● YOUR OBJECTIVE: Return every line below exactly as written.

[Start of Attachment]

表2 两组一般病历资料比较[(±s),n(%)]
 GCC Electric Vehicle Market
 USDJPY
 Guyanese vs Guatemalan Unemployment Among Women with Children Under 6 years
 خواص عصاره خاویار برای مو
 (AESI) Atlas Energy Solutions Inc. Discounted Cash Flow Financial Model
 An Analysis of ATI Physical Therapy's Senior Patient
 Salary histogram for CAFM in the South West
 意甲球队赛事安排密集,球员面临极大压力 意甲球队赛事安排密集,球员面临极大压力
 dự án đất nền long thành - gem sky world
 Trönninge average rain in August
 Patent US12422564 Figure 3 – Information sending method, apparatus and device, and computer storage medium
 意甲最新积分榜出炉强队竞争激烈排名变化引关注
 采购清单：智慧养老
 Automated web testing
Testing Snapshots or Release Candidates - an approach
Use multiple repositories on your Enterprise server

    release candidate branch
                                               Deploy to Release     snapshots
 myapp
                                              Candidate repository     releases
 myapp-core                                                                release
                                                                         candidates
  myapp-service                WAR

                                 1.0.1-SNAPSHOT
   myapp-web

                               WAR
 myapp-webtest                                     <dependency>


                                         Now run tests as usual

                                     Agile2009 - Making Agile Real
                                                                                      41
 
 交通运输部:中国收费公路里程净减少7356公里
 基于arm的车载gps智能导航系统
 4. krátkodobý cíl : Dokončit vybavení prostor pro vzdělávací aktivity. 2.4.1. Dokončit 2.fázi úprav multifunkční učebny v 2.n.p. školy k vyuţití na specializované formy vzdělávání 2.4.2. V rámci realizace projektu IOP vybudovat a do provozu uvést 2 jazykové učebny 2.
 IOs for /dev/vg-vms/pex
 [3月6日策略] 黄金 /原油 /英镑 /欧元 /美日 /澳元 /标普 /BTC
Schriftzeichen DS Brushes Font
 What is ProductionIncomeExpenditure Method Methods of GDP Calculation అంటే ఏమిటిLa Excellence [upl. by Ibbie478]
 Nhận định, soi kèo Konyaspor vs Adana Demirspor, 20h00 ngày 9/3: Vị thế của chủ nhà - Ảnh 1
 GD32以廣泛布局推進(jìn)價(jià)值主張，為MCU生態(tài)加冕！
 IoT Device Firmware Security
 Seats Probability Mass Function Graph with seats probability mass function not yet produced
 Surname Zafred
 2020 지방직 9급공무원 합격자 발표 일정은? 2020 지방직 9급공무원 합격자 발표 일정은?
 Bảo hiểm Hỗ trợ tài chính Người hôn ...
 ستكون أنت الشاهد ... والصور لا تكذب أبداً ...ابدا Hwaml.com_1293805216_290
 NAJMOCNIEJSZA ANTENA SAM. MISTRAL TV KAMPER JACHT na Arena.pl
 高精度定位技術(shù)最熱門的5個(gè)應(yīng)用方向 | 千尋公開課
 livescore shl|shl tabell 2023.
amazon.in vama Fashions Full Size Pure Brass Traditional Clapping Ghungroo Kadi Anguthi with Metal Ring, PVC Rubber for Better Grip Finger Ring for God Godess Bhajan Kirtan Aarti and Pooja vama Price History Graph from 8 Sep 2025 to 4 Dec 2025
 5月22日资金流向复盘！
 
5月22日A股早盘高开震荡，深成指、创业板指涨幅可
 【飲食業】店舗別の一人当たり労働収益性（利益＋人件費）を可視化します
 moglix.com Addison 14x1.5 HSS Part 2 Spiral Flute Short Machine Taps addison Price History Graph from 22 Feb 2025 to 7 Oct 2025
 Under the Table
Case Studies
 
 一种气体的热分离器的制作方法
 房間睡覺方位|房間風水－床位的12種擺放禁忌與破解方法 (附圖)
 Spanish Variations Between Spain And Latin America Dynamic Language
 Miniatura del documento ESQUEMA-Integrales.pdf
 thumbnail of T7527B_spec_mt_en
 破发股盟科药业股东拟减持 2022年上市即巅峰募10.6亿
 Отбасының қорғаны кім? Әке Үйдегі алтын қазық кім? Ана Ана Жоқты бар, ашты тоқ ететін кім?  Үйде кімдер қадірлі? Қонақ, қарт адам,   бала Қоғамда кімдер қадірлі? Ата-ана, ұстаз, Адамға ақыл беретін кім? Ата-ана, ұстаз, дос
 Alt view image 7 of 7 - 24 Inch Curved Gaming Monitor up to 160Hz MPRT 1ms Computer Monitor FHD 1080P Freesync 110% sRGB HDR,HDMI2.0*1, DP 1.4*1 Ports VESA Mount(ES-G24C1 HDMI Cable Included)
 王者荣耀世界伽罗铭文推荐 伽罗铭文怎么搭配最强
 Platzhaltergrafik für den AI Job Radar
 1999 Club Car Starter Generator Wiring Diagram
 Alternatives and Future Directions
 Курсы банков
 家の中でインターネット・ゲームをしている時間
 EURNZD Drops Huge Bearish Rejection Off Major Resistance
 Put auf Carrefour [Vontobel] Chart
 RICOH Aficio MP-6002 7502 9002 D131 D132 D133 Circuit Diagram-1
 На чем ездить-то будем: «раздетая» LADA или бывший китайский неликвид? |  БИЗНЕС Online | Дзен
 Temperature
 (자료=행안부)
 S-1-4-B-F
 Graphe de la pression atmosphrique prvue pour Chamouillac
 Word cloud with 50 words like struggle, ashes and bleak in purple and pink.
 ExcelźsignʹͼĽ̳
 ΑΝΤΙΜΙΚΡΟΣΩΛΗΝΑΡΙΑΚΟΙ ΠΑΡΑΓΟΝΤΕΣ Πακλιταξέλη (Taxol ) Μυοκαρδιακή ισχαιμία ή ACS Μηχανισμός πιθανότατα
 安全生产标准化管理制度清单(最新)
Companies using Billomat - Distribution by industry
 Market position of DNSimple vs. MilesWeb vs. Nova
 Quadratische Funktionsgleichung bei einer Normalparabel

[End of Attachment]

● PROBLEM SOLUTION:
表2 两组一般病历资料比较[(±s),n(%)]
 GCC Electric Vehicle Market
 USDJPY
 Guyanese vs Guatemalan Unemployment Among Women with Children Under 6 years
 خواص عصاره خاویار برای مو
 (AESI) Atlas Energy Solutions Inc. Discounted Cash Flow Financial Model
 An Analysis of ATI Physical Therapy's Senior Patient
 Salary histogram for CAFM in the South West
 意甲球队赛事安排密集,球员面临极大压力 意甲球队赛事安排密集,球员面临极大压力
 dự án đất nền long thành - gem sky world
 Trönninge average rain in August
 Patent US12422564 Figure 3 – Information sending method, apparatus and device, and computer storage medium
 意甲最新积分榜出炉强队竞争激烈排名变化引关注
 采购清单：智慧养老
 Automated web testing
Testing Snapshots or Release Candidates - an approach
Use multiple repositories on your Enterprise server

    release candidate branch
                                               Deploy to Release     snapshots
 myapp
                                              Candidate repository     releases
 myapp-core                                                                release
                                                                         candidates
  myapp-service                WAR

                                 1.0.1-SNAPSHOT
   myapp-web

                               WAR
 myapp-webtest                                     <dependency>


                                         Now run tests as usual

                                     Agile2009 - Making Agile Real
                                                                                      41
 
 交通运输部:中国收费公路里程净减少7356公里
 基于arm的车载gps智能导航系统
 4. krátkodobý cíl : Dokončit vybavení prostor pro vzdělávací aktivity. 2.4.1. Dokončit 2.fázi úprav multifunkční učebny v 2.n.p. školy k vyuţití na specializované formy vzdělávání 2.4.2. V rámci realizace projektu IOP vybudovat a do provozu uvést 2 jazykové učebny 2.
 IOs for /dev/vg-vms/pex
 [3月6日策略] 黄金 /原油 /英镑 /欧元 /美日 /澳元 /标普 /BTC
Schriftzeichen DS Brushes Font
 What is ProductionIncomeExpenditure Method Methods of GDP Calculation అంటే ఏమిటిLa Excellence [upl. by Ibbie478]
 Nhận định, soi kèo Konyaspor vs Adana Demirspor, 20h00 ngày 9/3: Vị thế của chủ nhà - Ảnh 1
 GD32以廣泛布局推進(jìn)價(jià)值主張，為MCU生態(tài)加冕！
 IoT Device Firmware Security
 Seats Probability Mass Function Graph with seats probability mass function not yet produced
 Surname Zafred
 2020 지방직 9급공무원 합격자 발표 일정은? 2020 지방직 9급공무원 합격자 발표 일정은?
 Bảo hiểm Hỗ trợ tài chính Người hôn ...
 ستكون أنت الشاهد ... والصور لا تكذب أبداً ...ابدا Hwaml.com_1293805216_290
 NAJMOCNIEJSZA ANTENA SAM. MISTRAL TV KAMPER JACHT na Arena.pl
 高精度定位技術(shù)最熱門的5個(gè)應(yīng)用方向 | 千尋公開課
 livescore shl|shl tabell 2023.
amazon.in vama Fashions Full Size Pure Brass Traditional Clapping Ghungroo Kadi Anguthi with Metal Ring, PVC Rubber for Better Grip Finger Ring for God Godess Bhajan Kirtan Aarti and Pooja vama Price History Graph from 8 Sep 2025 to 4 Dec 2025
 5月22日资金流向复盘！
 
5月22日A股早盘高开震荡，深成指、创业板指涨幅可
 【飲食業】店舗別の一人当たり労働収益性（利益＋人件費）を可視化します
 moglix.com Addison 14x1.5 HSS Part 2 Spiral Flute Short Machine Taps addison Price History Graph from 22 Feb 2025 to 7 Oct 2025
 Under the Table
Case Studies
 
 一种气体的热分离器的制作方法
 房間睡覺方位|房間風水－床位的12種擺放禁忌與破解方法 (附圖)
 Spanish Variations Between Spain And Latin America Dynamic Language
 Miniatura del documento ESQUEMA-Integrales.pdf
 thumbnail of T7527B_spec_mt_en
 破发股盟科药业股东拟减持 2022年上市即巅峰募10.6亿
 Отбасының қорғаны кім? Әке Үйдегі алтын қазық кім? Ана Ана Жоқты бар, ашты тоқ ететін кім?  Үйде кімдер қадірлі? Қонақ, қарт адам,   бала Қоғамда кімдер қадірлі? Ата-ана, ұстаз, Адамға ақыл беретін кім? Ата-ана, ұстаз, дос
 Alt view image 7 of 7 - 24 Inch Curved Gaming Monitor up to 160Hz MPRT 1ms Computer Monitor FHD 1080P Freesync 110% sRGB HDR,HDMI2.0*1, DP 1.4*1 Ports VESA Mount(ES-G24C1 HDMI Cable Included)
 王者荣耀世界伽罗铭文推荐 伽罗铭文怎么搭配最强
 Platzhaltergrafik für den AI Job Radar
 1999 Club Car Starter Generator Wiring Diagram
 Alternatives and Future Directions
 Курсы банков
 家の中でインターネット・ゲームをしている時間
 EURNZD Drops Huge Bearish Rejection Off Major Resistance
 Put auf Carrefour [Vontobel] Chart
 RICOH Aficio MP-6002 7502 9002 D131 D132 D133 Circuit Diagram-1
 На чем ездить-то будем: «раздетая» LADA или бывший китайский неликвид? |  БИЗНЕС Online | Дзен
 Temperature
 (자료=행안부)
 S-1-4-B-F
 Graphe de la pression atmosphrique prvue pour Chamouillac
 Word cloud with 50 words like struggle, ashes and bleak in purple and pink.
 ExcelźsignʹͼĽ̳
 ΑΝΤΙΜΙΚΡΟΣΩΛΗΝΑΡΙΑΚΟΙ ΠΑΡΑΓΟΝΤΕΣ Πακλιταξέλη (Taxol ) Μυοκαρδιακή ισχαιμία ή ACS Μηχανισμός πιθανότατα
 安全生产标准化管理制度清单(最新)
Companies using Billomat - Distribution by industry
 Market position of DNSimple vs. MilesWeb vs. Nova
 Quadratische Funktionsgleichung bei einer Normalparabel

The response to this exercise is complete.